Consensus is usually associated with replicated state machines, a general approach to building fault-tolerant systems. In a replicated state machine, each instance has a log. A consensus algorithm is thus used to agree on the commands in the servers’ logs. The consensus algorithm ensures that each state machine processes the same series of commands and thus produces the same series of results, arriving at the same series of states.


In addition to the Raft consensus algorithm, to prevent a Byzantine failure GraphDB also stops all write procedures while adding a node to the cluster is currently being processed. You can learn more about adding nodes to the cluster in the Manage cluster membership section of the documentation.

High availability deployment

A typical deployment scenario would be a deployment in cloud infrastructure with the ability to deploy GraphDB instances in different regions or zones so that if a region/zone fails, the GraphDB cluster will continue functioning without any issues for the end-user.

To achieve high availability, we recommend to deploy GraphDB instances in different zones/regions while considering the need for a majority quorum in order to be able to accept INSERT/DELETE requests. This means that the deployment should always have over 50% of the instances running.

Another recommendation is to distribute the GraphDB instances so that you do not have exactly half of the GraphDB instances in one zone and the other half in another zone, as this way it would be easy to lose the majority quorum. In such cases, it is better to use three zones.

Cluster group with three nodes

In a cluster with three nodes, we need at least two in order to be able to write data successfully. In this case, the best deployment strategy is to have three GraphDB instances distributed in three zones in the same region. This way, if one zone fails, the other two instances will still form a quorum and the cluster will accept all requests.

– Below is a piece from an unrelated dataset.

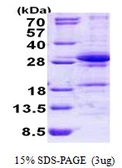 Human DGCR6L protein, His tag. GTX57257-pro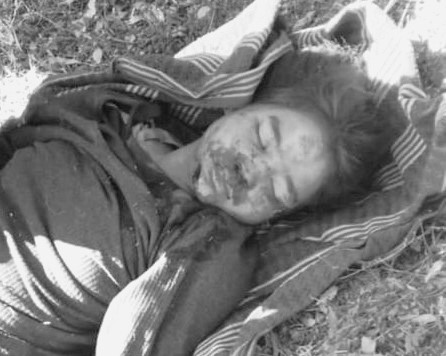 बाजुरामा भीरबाट लडेर घाइते भएकी बालिकाको मृत्यु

Having the instances in different regions may introduce latency.

Cluster group with five nodes

In a cluster with five nodes, we need three nodes for a quorum. If we have three available regions/zones, we can deploy:

  • two instances in zone 1,

  • two instances in zone 2,

  • one instance in zone 3.

If any of the zones fail, we would still have at least three more GraphDB instances that will form a quorum.

Quorum-based replication

The GraphDB cluster relies on quorum-based replication, meaning that the cluster should have over 50% alive nodes in order to be able to execute INSERT/DELETE operations. This ensures that there will always be a majority of GraphDB nodes that always have up-to-date data.

If there are unavailable nodes when an INSERT/DELETE operation is executed, but there are more than 50% alive nodes, the request will be accepted, distributed among the reachable alive nodes, and saved if everything is OK. Once the unavailable nodes come back online, the transactions will be distributed to them as well.

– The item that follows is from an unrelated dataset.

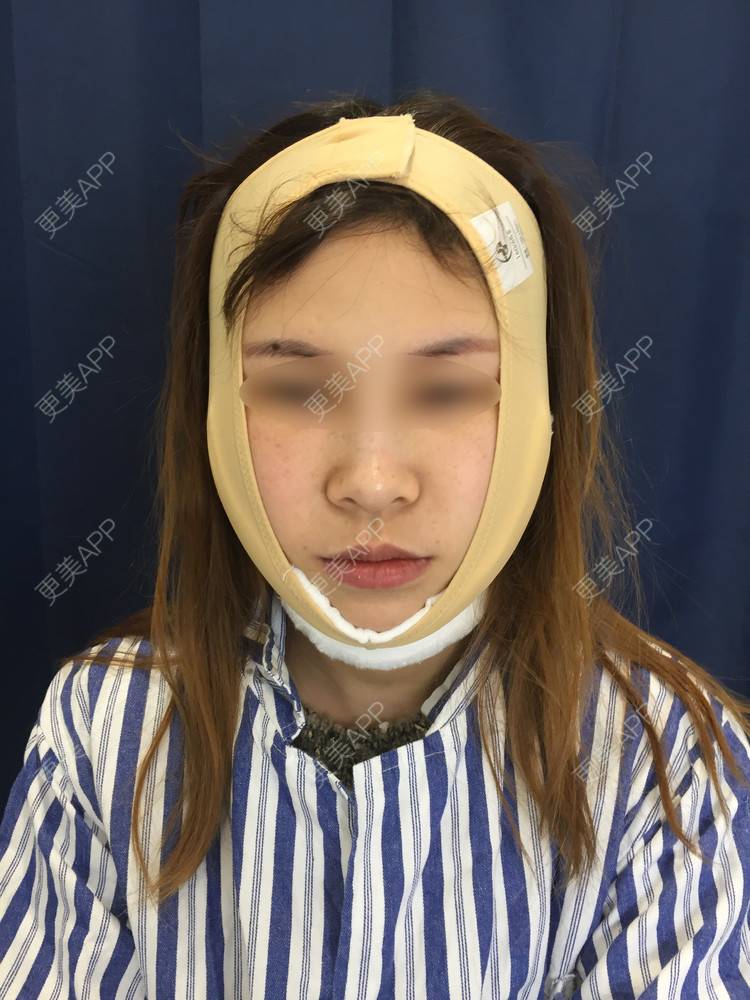 更美 - 蓝涵涵的拉皮经验 | 拉皮 | 广州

If there are fewer than 50% available nodes, any INSERT/DELETE operations will be rejected.

Query load balancer

In order to achieve maximum efficiency, the GraphDB cluster distributes the incoming read queries to all nodes, prioritizing the ones that have fewer running queries. This ensures the optimal hardware resource utilization of all nodes.

Local consistency

GraphDB supports two types of local consistency: None and Last Committed.

  • None is the default setting and is used when no local consistency is needed. In this mode, the query will be sent to any readable node, without any guarantee of strong consistency. This is suitable for cases where eventual consistency is sufficient or when enforcing strong consistency is too costly.

  • Last Committed is used when strong consistency is required, ensuring that the results reflect the state of the system after all transactions have been committed; however, it could lead to lower scalability as the set of nodes to which a query could be load-balanced is smaller. In this mode, the query will be sent to a readable node that has advanced to the last transaction.

The choice between None and Last Committed depends on the specific requirements and constraints of the application and use case. In general, if query results should always reflect the up-to-date state of the database, Last Committed should be used. Otherwise, None is sufficient.